▶ _INFORMATION SUPPLIED_
= = =

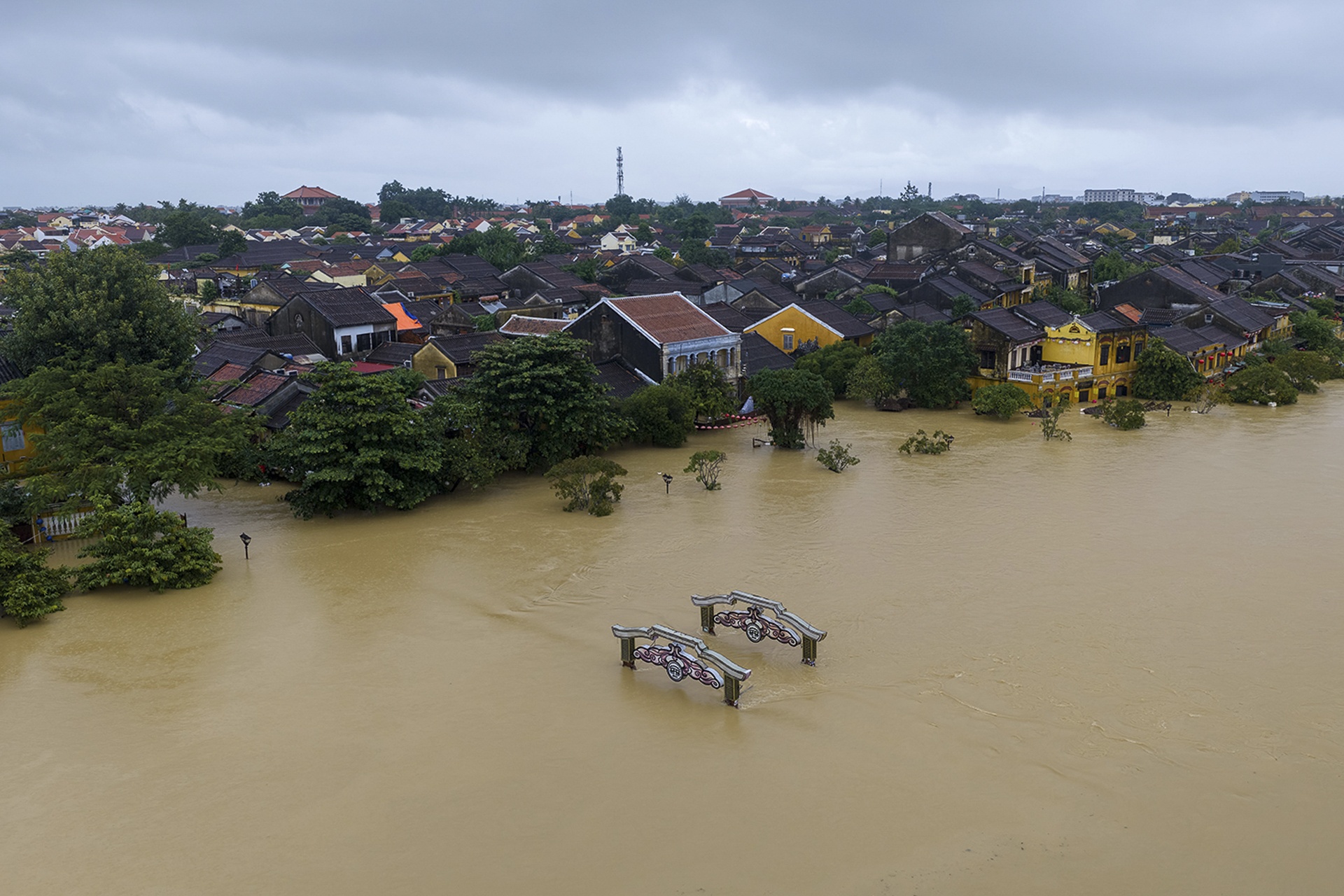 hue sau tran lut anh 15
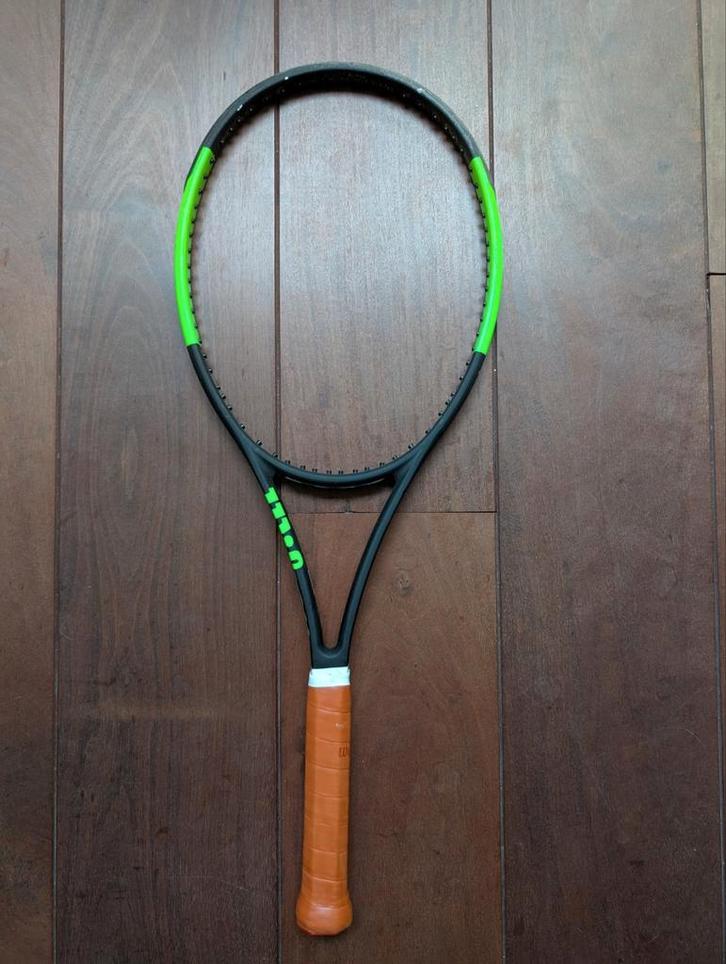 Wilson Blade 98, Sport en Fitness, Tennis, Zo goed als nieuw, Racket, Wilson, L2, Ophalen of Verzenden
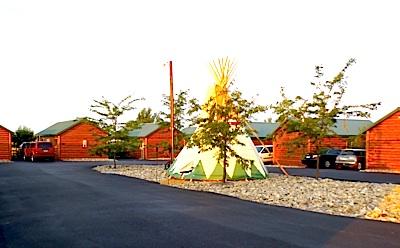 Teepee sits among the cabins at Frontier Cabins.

= = =

▶ _WHAT IS EXPECTED_
Starting from the line where "Wilson Blade 98, Sport" appears, copy every line through the end of the material, both ends included, but no pictures.

▶ _OUTPUT FOR THIS TASK_
 Wilson Blade 98, Sport en Fitness, Tennis, Zo goed als nieuw, Racket, Wilson, L2, Ophalen of Verzenden
 Teepee sits among the cabins at Frontier Cabins.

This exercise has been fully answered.